Forget the fusty constitutional quagmire of House of Lords reform, and gleefully cataloguing Olympic embarrassments, and look to William Hague.
Storming around Libya, searching for the abducted Olympic chief, navigating unwieldy UN security council resolutions, and chastising Russians, the foreign secretary makes you realise what politicians actually should be spending time on.
No wonder only 0.36% of Telegraph readers want to oust him from position, and that the bookies have pitched him at 6/1 for becoming the next chancellor.
As his Westminster pals dither over the same old coalition tug o’ war, which manifests itself weekly in various impenetrable ideological forms, and disrupt the motorways of British society with incessant U-turns (oh, and the Games Lanes), our man in the FCO is the one minister who really cannot afford to prevaricate. Syria is his remit, and innocent civilians – not a red-faced mob of pasty and petrol guzzlers – are depending on foreign ministers across the world such as himself to put an end to the Assad regime’s terror and rebel violence razing the beleagured Middle Eastern state.
However, like everyone else, he is darting away from conviction, following the UN’s cosy route of half-promises and semi-scolding, rather than inciting any action along the firmer line on Damascus the UK and US governments are attempting to pursue.
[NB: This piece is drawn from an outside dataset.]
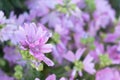 Pink musk mallow or Malva moschata blooming in the summer garden Royalty Free Stock Photo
He spoke today of “serious consequences” for those defying Kofi Annan’s peace plan for Syria, but failed to delineate what these “consequences” would be. Surely if he wishes to write punishments for non-compliance into the peace plan, he has to outline what these would be.
Unlike his fellow cabinet ditherers, he stands to lose no face by trying and failing to instigate this plan – particularly when the Syrian people are losing far more than face by his and the UN’s failure even to attempt to act.